Fondi revocati: è rischio dissesto – Il Comune dovrà ridare oltre 800mila euro. Calcagni: graveranno sulle tasche dei cittadini. ‘Erogazione è viziata “ab origine”‘

ARCE – La Regione Lazio revoca il finanziamento erogato sul palazzo di vetro.
Il comune di Arce dovrà rimborsare gli 818.645,69 euro ricevuti per l’opera, con il concreto rischio che tale restituzione possa avviare l’ente verso il dissesto finanziario.
Clamoroso epilogo sul centro polifunzionale di piazza Umberto I. In una delle ultime riunioni della giunta Polverini, quella dell’11 settembre scorso, l’esecutivo ha annullato in autotutela la delibera n. 1203/2003 con la quale si concedeva un finanziamento al Comune di Arce di 1.093.755,98 euro per la realizzazione dell’edificio denominato “Centro gestionale Valle del Liri”. Una doccia fredda per l’amministrazione comunale del sindaco Roberto Simonelli, che probabilmente proprio in questi giorni riceverà la notifica dell’atto regionale. L’area “Valorizzazione del territorio e del patrimonio culturale”, che ha proposto la deliberazione, ha spiegato come l’opera non possa essere beneficiaria del finanziamento.

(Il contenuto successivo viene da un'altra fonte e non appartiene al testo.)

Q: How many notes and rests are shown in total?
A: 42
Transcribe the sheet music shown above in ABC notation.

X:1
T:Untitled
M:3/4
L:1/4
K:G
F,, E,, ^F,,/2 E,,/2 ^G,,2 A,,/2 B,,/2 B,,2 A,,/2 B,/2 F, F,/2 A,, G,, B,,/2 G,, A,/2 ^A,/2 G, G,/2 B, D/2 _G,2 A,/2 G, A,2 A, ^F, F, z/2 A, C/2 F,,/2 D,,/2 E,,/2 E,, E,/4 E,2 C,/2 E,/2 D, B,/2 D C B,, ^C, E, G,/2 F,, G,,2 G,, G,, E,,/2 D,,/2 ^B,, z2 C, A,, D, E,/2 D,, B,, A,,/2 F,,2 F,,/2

«Il Comune di Arce – si legge nelle premesse della delibera – a seguito della condotta criminosa posta in essere, è stato beneficiario di un cospicuo finanziamento regionale. Detto finanziamento – si legge ancora – è viziato “ab origine” dalla mancanza di alcuni requisiti di ammissibilità dei progetti (proprietà in capo al Comune di Arce dell’area su cui doveva essere realizzato il centro gestionale; mancata redazione degli elaborati progettuali), che, se non fosse intervenuta la falsa attestazione da parte dei condannati, avrebbe comportato il rigetto della domanda di finanziamento dell’intervento».

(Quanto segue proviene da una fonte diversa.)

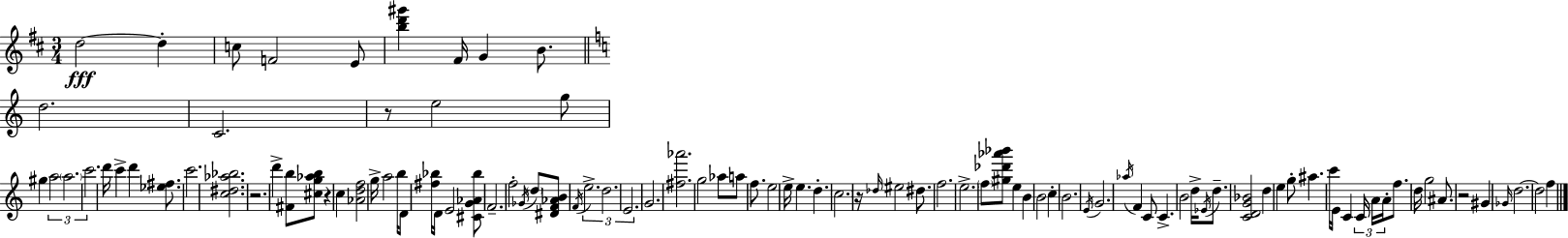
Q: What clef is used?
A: treble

Un provvedimento che ora farà discutere parecchio e che apre tutta una serie di problematiche di natura politica, amministrativa e contabile.

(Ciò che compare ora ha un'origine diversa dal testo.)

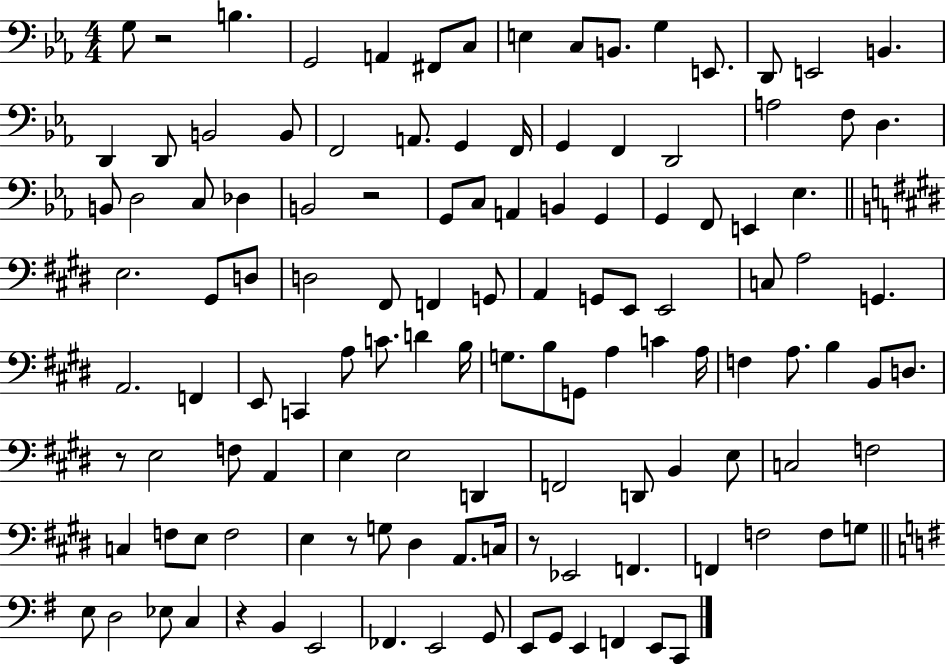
X:1
T:Untitled
M:4/4
L:1/4
K:Eb
G,/2 z2 B, G,,2 A,, ^F,,/2 C,/2 E, C,/2 B,,/2 G, E,,/2 D,,/2 E,,2 B,, D,, D,,/2 B,,2 B,,/2 F,,2 A,,/2 G,, F,,/4 G,, F,, D,,2 A,2 F,/2 D, B,,/2 D,2 C,/2 _D, B,,2 z2 G,,/2 C,/2 A,, B,, G,, G,, F,,/2 E,, _E, E,2 ^G,,/2 D,/2 D,2 ^F,,/2 F,, G,,/2 A,, G,,/2 E,,/2 E,,2 C,/2 A,2 G,, A,,2 F,, E,,/2 C,, A,/2 C/2 D B,/4 G,/2 B,/2 G,,/2 A, C A,/4 F, A,/2 B, B,,/2 D,/2 z/2 E,2 F,/2 A,, E, E,2 D,, F,,2 D,,/2 B,, E,/2 C,2 F,2 C, F,/2 E,/2 F,2 E, z/2 G,/2 ^D, A,,/2 C,/4 z/2 _E,,2 F,, F,, F,2 F,/2 G,/2 E,/2 D,2 _E,/2 C, z B,, E,,2 _F,, E,,2 G,,/2 E,,/2 G,,/2 E,, F,, E,,/2 C,,/2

Secondo l’ex assessore ai Lavori pubblici Emanuele Calcagni l’amministrazione ha gestito male l’intera vicenda, ha tradito la cittadinanza secondo quanto aveva promesso in campagna elettorale e non ha fatto nulla per impedire la decisione della giunta regionale, che ora rischia di assumere per gli arcesi i connotati della beffa.
«Sono rammaricato – afferma Calcagni – per non aver fatto di più, sono incavolato perché non mi hanno fatto agire come avrei voluto e sono adirato perché non ho avuto supporto dai miei colleghi per una cosa così importante. Per alcuni – ha aggiunto – sarebbe stata bellissima, per alcuni orrenda, per altri utilissima e per altri inservibile, ma l’unica cosa certa è che è lì, uno “scheletro” sul balcone più bello del nostro paese. Credo che sia superfluo valutare quale sia stato l’operato di questa amministrazione, di fronte al drammatico epilogo, però rimango tradito, come lo sono molti dei votanti, da come si è agito. Abbiamo impostato – fa notare ancora l’ex assessore – la campagna elettorale sulla trasparenza, abbiamo detto che si sarebbe deciso con la cittadinanza cosa fare per il palazzo di vetro e, invece, nemmeno dopo la comunicazione della volontà di revocare i fondi e la richiesta di far conoscere i propri propositi si è detta una sola parola “in pubblica piazza”. Alla fine della storia – ha concluso Calcagni – resta il fatto che lo “scheletro” rimarrà lì solo per essere ammirato al costo di 800 mila euro, somma che il Comune di Arce dovrà restituire e che difficilmente addebiterà a qualcuno, che non sia il semplice cittadino».